Overview
This lecture covers how to find horizontal, vertical, and slant (oblique) asymptotes for rational functions, with step-by-step examples including analysis of graph behavior, domain, and range.
Vertical Asymptotes
- Set the denominator equal to zero and solve for ( x ) to find vertical asymptotes.
- The value(s) where the denominator is zero (and not canceled by the numerator) is the vertical asymptote.
Horizontal Asymptotes
- Compare degrees of numerator and denominator:
- If denominator degree > numerator (bottom heavy), horizontal asymptote is ( y = 0 ).
- If degrees are equal, horizontal asymptote is ratio of leading coefficients.
- If numerator degree > denominator (top heavy), there is no horizontal asymptote.
Slant (Oblique) Asymptotes
- Occur when numerator degree is exactly one more than denominator.
- Use long division; slant asymptote is the linear quotient (ignore remainder).
Holes (Point Discontinuities)
- If a factor cancels in numerator and denominator, the corresponding ( x )-value is a hole.
- To find hole’s ( y )-coordinate, substitute ( x ) into the simplified function.
Domain and Range
- Domain excludes vertical asymptote(s) and ( x )-values of holes.
- Range excludes horizontal asymptote(s) and hole’s ( y )-value(s).
Example Summaries
Example 1: ( y = \frac{1}{x-3} )
- Vertical asymptote: ( x = 3 ).
- Horizontal asymptote: ( y = 0 ).
- Domain: ( (-\infty, 3) \cup (3, \infty) ).
- Range: ( (-\infty, 0) \cup (0, \infty) ).
Example 2: ( y = \frac{1}{x+2} + 7 )
- Vertical asymptote: ( x = -2 ).
- Horizontal asymptote: ( y = 7 ).
- Domain: ( (-\infty, -2) \cup (-2, \infty) ).
- Range: ( (-\infty, 7) \cup (7, \infty) ).
Example 3: ( y = \frac{6x-18}{2x+4} )
- Vertical asymptote: ( x = -2 ).
- Horizontal asymptote: ( y = 3 ).
- X-intercept: ( x = 3 ).
- Y-intercept: ( y = -4.5 ).
- Domain: ( (-\infty, -2) \cup (-2, \infty) ).
- Range: ( (-\infty, 3) \cup (3, \infty) ).
Example 4: ( y = \frac{2x^2 - 3x - 2}{x^2 + x - 6} )
- Factor to find vertical asymptote(s) and hole(s).
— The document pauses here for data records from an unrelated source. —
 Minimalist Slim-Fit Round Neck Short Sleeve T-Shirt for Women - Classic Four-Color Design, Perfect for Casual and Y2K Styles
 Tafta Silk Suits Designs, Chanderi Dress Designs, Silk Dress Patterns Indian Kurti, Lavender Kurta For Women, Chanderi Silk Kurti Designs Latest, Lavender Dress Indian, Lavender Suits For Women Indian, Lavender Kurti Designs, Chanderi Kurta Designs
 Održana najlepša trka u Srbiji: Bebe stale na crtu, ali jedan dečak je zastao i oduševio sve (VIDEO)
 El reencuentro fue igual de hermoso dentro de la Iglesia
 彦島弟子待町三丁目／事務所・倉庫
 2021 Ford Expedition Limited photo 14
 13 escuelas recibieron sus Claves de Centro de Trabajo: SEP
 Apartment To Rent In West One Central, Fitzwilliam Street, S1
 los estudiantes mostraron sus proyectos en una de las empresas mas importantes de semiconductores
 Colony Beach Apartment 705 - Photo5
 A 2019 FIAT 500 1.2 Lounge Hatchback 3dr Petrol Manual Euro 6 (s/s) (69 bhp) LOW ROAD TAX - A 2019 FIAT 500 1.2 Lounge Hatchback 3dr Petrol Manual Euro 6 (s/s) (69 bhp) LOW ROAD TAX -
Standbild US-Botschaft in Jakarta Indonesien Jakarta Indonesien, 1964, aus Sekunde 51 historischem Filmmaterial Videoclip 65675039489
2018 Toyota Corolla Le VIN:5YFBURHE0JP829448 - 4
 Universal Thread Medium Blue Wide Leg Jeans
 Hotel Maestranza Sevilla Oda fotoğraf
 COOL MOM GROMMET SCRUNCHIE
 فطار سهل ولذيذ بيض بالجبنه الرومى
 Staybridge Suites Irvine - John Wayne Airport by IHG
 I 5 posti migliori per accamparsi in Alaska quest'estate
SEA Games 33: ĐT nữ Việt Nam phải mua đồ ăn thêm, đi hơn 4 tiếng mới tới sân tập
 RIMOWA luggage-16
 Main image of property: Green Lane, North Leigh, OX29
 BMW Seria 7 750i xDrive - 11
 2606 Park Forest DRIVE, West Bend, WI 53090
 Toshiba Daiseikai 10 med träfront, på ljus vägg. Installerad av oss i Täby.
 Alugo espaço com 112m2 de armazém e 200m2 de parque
- Vertical asymptote: ( x = -3 ).
- Hole at ( x = 2 ), ( y = 1 ).
- Horizontal asymptote: ( y = 2 ).
- Domain: ( (-\infty, -3) \cup (-3, 2) \cup (2, \infty) ).
- Range: ( (-\infty, 1) \cup (1, 2) \cup (2, \infty) ).
Example 5: ( y = \frac{2x^2-x+1}{x-2} )
- Vertical asymptote: ( x = 2 ).
- No horizontal asymptote (numerator degree > denominator).
- Slant asymptote: ( y = 2x + 3 ).
Key Terms & Definitions
- Rational Function — A function of the form ( \frac{P(x)}{Q(x)} ) where ( P ) and ( Q ) are polynomials.
- Vertical Asymptote — Vertical line ( x = a ) where function approaches infinity.
- Horizontal Asymptote — Horizontal line ( y = b ) showing end behavior as ( x \to \pm\infty ).
- Slant/Oblique Asymptote — A non-horizontal asymptote occurring when the numerator's degree is one higher than the denominator’s.
- Hole (Point Discontinuity) — A point where both numerator and denominator are zero at the same ( x )-value after factoring.
Action Items / Next Steps
- Practice factoring rational functions and identifying all asymptotes and holes.
- Graph several rational functions, marking asymptotes, holes, and intercepts.
- Review polynomial long division for finding slant asymptotes.